◆ The task
When the line containing "Набор для творчества" appears in the data below, begin copying there and stop only after the line containing "Botol Fliptop 100".

◆ Records for the task
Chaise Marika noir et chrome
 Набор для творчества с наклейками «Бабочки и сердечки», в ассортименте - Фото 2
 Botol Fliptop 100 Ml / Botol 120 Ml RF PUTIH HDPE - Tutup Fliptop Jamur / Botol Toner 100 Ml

==

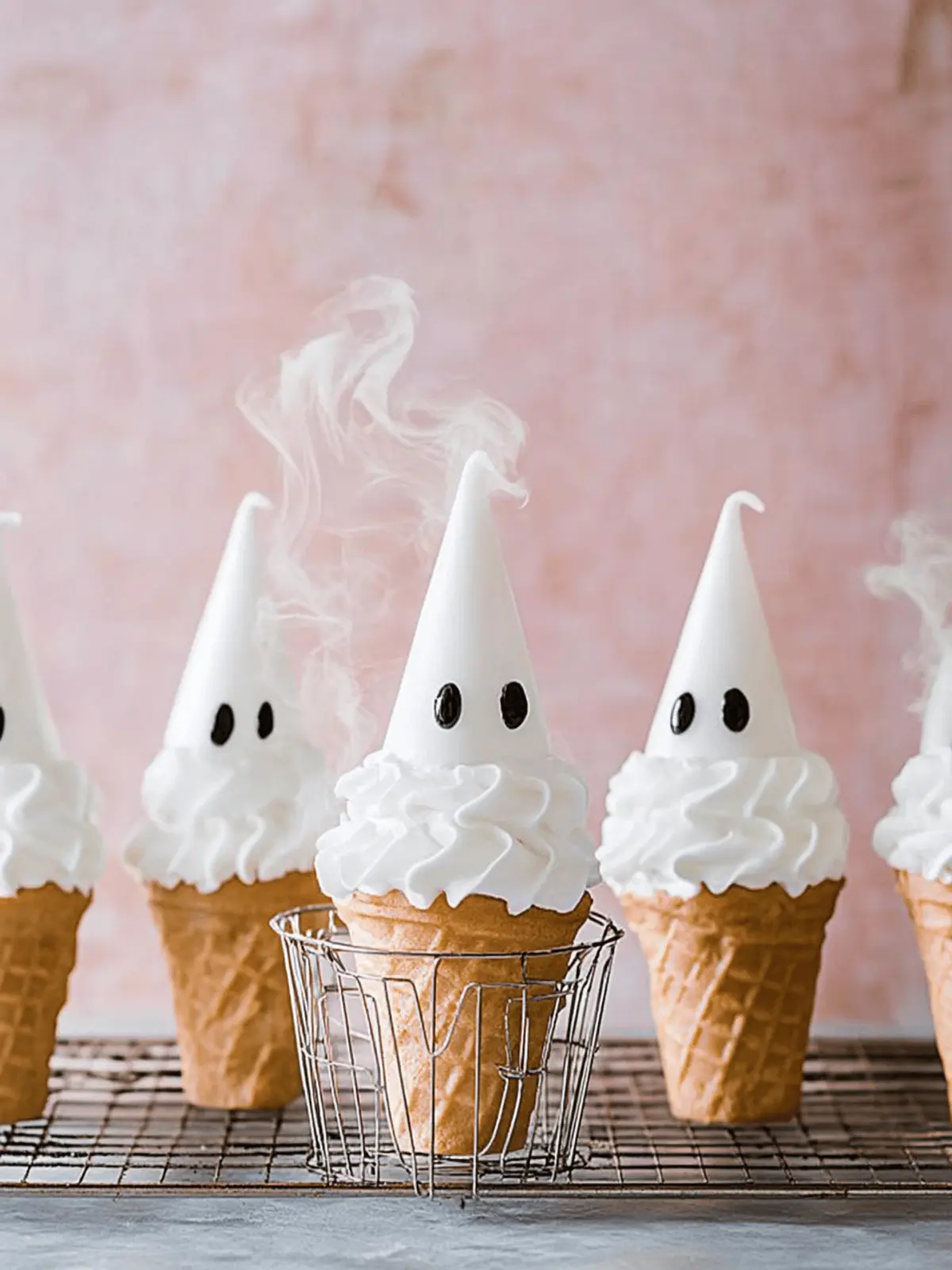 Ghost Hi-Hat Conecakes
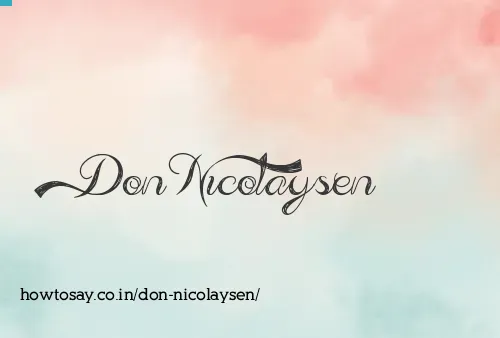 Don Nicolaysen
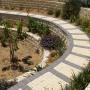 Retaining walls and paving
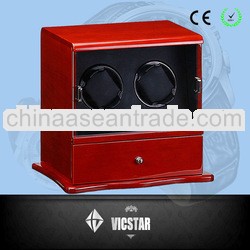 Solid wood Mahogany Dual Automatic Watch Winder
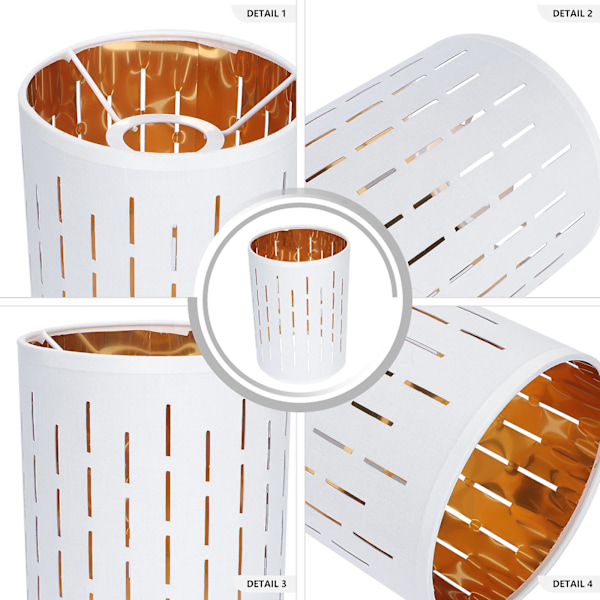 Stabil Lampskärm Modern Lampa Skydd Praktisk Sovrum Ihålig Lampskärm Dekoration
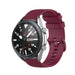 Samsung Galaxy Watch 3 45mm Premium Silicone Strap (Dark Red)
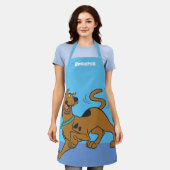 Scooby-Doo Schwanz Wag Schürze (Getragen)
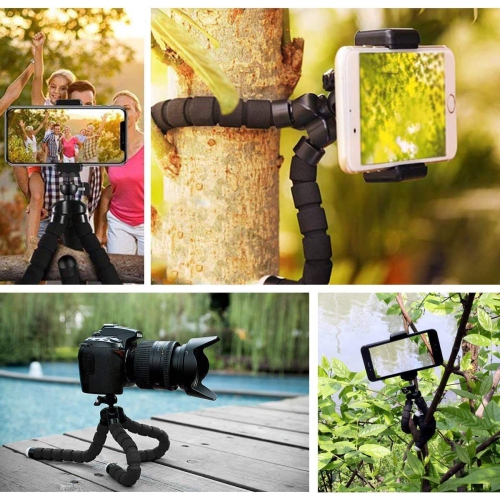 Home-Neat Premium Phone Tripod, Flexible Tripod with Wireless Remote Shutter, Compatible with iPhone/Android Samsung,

◆ Task answer
 Набор для творчества с наклейками «Бабочки и сердечки», в ассортименте - Фото 2
 Botol Fliptop 100 Ml / Botol 120 Ml RF PUTIH HDPE - Tutup Fliptop Jamur / Botol Toner 100 Ml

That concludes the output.